I can’t imagine being in similar circumstances and doing anything other than just lying there, waiting to die. But then, I can’t imagine myself doing most of what Ezra Pound did in his life. Befriending essentially every modernist poet and author in the early 1900s, becoming a willing mouthpiece for Benito Mussolini, dying in an asylum. I guess it’s impossible to argue that this man didn’t wring life for all it was worth. But any partaking of Pound’s life always feels disturbing. There’s an odd feeling you get when you see a man who has demonstrated an inhuman level of processing power and recall cling to ideas that are so reactionary. Today I think it causes a guarded concern that maybe they’re being ironic? Like there’s some joke that they’re in on at the expense of everyone else on earth?

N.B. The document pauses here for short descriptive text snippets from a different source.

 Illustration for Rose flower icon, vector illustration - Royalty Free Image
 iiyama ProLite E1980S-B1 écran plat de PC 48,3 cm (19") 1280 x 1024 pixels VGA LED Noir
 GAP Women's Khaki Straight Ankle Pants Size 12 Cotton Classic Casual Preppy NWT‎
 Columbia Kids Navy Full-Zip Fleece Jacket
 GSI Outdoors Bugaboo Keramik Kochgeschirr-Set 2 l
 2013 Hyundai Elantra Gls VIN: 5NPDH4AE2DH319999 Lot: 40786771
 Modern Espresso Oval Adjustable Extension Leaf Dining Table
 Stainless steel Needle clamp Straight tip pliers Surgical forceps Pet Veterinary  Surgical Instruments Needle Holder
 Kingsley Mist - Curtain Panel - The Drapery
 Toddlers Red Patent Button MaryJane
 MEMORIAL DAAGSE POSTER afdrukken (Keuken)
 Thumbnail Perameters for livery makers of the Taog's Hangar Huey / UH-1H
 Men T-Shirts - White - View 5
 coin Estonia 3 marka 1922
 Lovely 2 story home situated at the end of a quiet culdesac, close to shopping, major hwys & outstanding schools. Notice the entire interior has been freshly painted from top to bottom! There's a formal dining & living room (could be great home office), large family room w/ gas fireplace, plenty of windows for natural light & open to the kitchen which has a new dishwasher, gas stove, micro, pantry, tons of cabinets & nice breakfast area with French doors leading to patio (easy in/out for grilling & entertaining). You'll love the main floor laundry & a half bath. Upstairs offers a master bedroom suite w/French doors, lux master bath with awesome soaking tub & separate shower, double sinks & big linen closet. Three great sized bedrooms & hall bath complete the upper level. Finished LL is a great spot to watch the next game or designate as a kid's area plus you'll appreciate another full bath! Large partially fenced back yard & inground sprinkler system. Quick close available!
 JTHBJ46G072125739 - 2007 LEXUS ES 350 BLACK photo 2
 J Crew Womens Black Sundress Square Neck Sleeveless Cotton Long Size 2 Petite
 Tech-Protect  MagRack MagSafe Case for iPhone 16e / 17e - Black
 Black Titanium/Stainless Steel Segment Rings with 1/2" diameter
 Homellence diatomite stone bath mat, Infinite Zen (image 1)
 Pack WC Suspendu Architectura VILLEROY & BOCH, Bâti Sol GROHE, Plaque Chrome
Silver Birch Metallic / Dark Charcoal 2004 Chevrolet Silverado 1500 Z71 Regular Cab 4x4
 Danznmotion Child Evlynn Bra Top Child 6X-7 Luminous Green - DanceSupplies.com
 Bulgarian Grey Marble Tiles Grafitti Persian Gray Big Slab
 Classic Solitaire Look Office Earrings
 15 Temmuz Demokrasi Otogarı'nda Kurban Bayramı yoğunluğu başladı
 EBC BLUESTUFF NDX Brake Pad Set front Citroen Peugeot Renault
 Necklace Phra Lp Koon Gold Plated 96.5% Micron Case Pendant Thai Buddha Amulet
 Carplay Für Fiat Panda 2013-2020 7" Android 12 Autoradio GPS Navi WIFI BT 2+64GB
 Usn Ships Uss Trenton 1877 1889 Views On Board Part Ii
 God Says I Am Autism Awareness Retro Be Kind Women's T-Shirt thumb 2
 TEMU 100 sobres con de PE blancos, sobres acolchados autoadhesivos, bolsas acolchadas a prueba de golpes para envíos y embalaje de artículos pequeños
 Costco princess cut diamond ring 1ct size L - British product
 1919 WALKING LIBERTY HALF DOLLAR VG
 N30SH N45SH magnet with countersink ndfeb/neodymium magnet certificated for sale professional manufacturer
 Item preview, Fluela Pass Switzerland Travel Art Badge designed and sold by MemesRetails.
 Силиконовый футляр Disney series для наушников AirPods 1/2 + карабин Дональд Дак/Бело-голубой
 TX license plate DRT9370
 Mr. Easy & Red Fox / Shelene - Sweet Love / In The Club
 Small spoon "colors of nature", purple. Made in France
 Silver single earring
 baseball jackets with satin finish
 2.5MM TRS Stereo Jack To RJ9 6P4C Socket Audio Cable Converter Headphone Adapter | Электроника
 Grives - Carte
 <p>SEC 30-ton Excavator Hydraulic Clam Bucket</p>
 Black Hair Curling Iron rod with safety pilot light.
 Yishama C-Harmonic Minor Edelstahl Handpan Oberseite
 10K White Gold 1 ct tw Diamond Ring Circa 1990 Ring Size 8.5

But this becomes hard to stick with in the face of how genuine much of The Pisan Cantos feels. There are deep threads that run through Pound’s entire life here. The history of modernist literature is splayed out in poetic grandeur. The Troubadour tradition of Manicheism is knotted into the mess. The Malatesta drama is overlaid onto modern politics and economic theory.
For now this whole thing is a mess to me. I’m going to get to the full Cantos at some point, but for now maybe I’m supposed to just be left in this puddle of multilingual confusion.